String Encodings? Unicode? ASCII? UTF-8? ãéîöû?

4 years of my career as a Software Engineer and I was able to put off the topic of character encoding and somehow sleep peacefully at night everyday until last night. A piece of python code that I had written broke and the error was UnicodeEncodeError. My reaction was similar to the title of this post. The last night's sleeplessness was not because I had a broken code but because why I had put off something which is needed every time I worked with strings.

ASCII: The time when strings used to be simple!

Just like aliens were only sighted in America, computers too were sighted only in America (or at least only in English speaking countries).

To deal with strings, only English characters were standardised as ASCII and they were mapped to each number between 32-127. The first 32 numbers were mapped to control characters(number 7 made your computer beep). Since computers worked with 8 bit word size then, characters could be represented easily with 1 byte and there will still be 128 numbers left.

But these were just English characters. They did not contain any accented characters like ã or é.

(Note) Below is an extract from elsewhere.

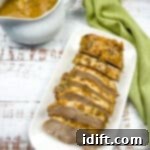 german pork loin slow cooker with gravy in the background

It was difficult to show French or Spanish strings let alone a language with different script.

Software developers started using the extra 128 bits(or the numbers after 127) to represent accented characters or a character of different language. IBM-PC had something called OEM characters which were ASCII till 127 but had accented European characters and various line drawing characters for numbers after 127. While this was smart, it caused chaos with the emergence of the Internet. 130 could mean two things on two different systems. As it happened when Americans sent their résumés to an Israeli computer it would spell rגsumגs.

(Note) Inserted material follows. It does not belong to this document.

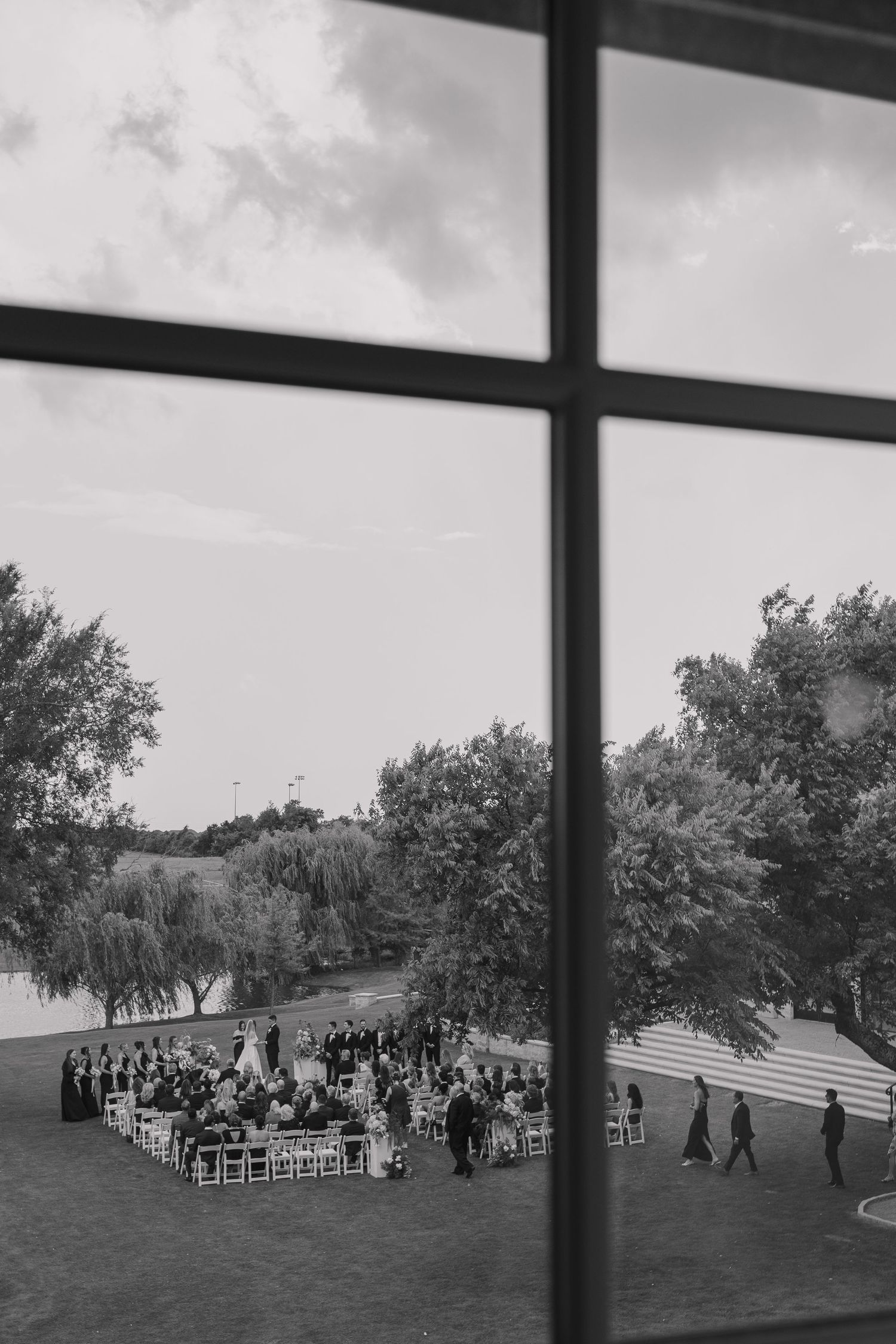Wide shot of outdoor wedding ceremony setup at The Bower estate-style venue in Oklahoma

ANSI standard was created for various interpreation of these 8 bits. While 0-127 still mapped to control characters and english characters the rest 128 numbers' meaning was interpreted using code pages. Code pages were various systems which represented meaning of these numbers in their own way. Some examples are here.

This effort of standardisation per region/language of the remaining 128 numbers was still not enough. Some languages had more than 1000 characters and they would no way fit in 8 bits. There were complex ways to handle it but it wasn't a standard and not a solution for a world which was going to be on the Internet now.

Unicode: An effort to capture all the characters of all the languages in the world.

Unicode was new concept to work with strings. The character is a real word/world entity which a language has and is the building block for words.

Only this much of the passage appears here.